The transaction would set a new record for the largest leveraged buyout in history. It surpasses the previous record held by TXU Energy’s 2007 takeover and other landmark deals from that era including Toys “R” Us and Hertz.
Under the agreement, EA shareholders will receive $210 per share in cash. This represents a 25% premium over the company’s closing price on September 25, before reports of the potential deal first emerged.
The deal carries an equity value of $52.54 billion according to Reuters calculations. Electronic Arts said the transaction involves around $36 billion in equity investment and $20 billion in debt financing committed by JPMorgan.
Of the debt financing, $18 billion is expected to be funded when the transaction closes. The funding will come from a combination of cash from the consortium members and a rollover of the Public Investment Fund’s existing stake in EA.
The timing comes as the gaming industry shows signs of recovery from a prolonged downturn. Deep-pocketed investors are betting on the lasting value of major game franchises as the sector stabilizes.
For EA specifically, the company is banking heavily on its core sports portfolio and action shooter properties. The publisher is preparing to launch the highly anticipated “Battlefield 6” title in an environment where gamers increasingly stick to proven franchises.
EA’s sports games have provided consistent revenue for over a decade. The global popularity of these titles generates strong recurring income through in-game spending patterns that have proven durable over time.
Deal Structure and Timeline
The complex financing structure reflects the scale of the transaction. JPMorgan has committed to provide the $20 billion debt package that will help fund the acquisition alongside the equity contributions.
The transaction is expected to close in the first quarter of fiscal year 2027. This timeline allows for the necessary shareholder votes and regulatory approvals that deals of this size typically require.
Both sides face financial penalties if the deal falls apart under certain conditions. EA must pay a $1 billion termination fee if it backs out due to a board reversal, accepts a higher competing bid, or pursues another deal within a year of shareholders rejecting this offer.
The consortium faces the same $1 billion penalty if regulatory delays push completion past September 28, 2026, or if they breach the merger agreement.
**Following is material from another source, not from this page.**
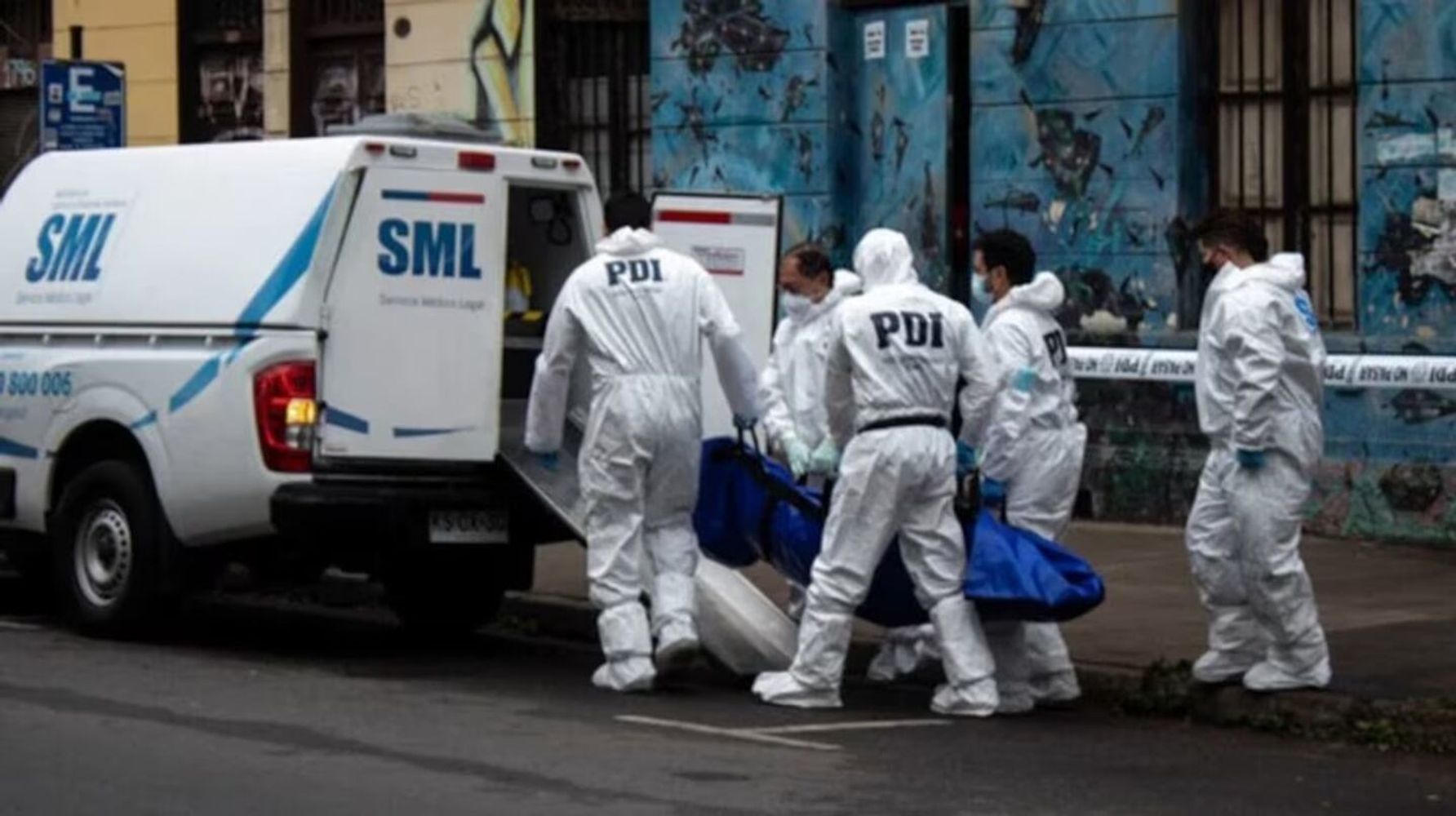 El estremecedor relato de un preso que confesó haber asesinado, mutilado y comido a su compañero de celda.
These fees are designed to keep both parties committed to completing the transaction.
Analyst Perspectives
Some analysts question whether the $210 per share offer fully captures EA’s potential value. Benchmark analysts noted that while the price “may appear compelling,” they believe it “falls materially short of the company’s intrinsic value.”
They pointed to the upcoming Battlefield 6 launch and a development pipeline that could generate more than $2 billion in additional bookings by fiscal year 2028. This suggests EA’s “true earnings power is only beginning to emerge” in their view.
The deal comes as global dealmaking activity rebounds thanks to easing borrowing costs. This environment has revived investor appetite for large-scale transactions that were largely absent during the higher interest rate period.
The transaction involves a rollover of the Public Investment Fund’s existing stake in EA, indicating the Saudi sovereign wealth fund was already an investor in the gaming company before agreeing to participate in taking it private.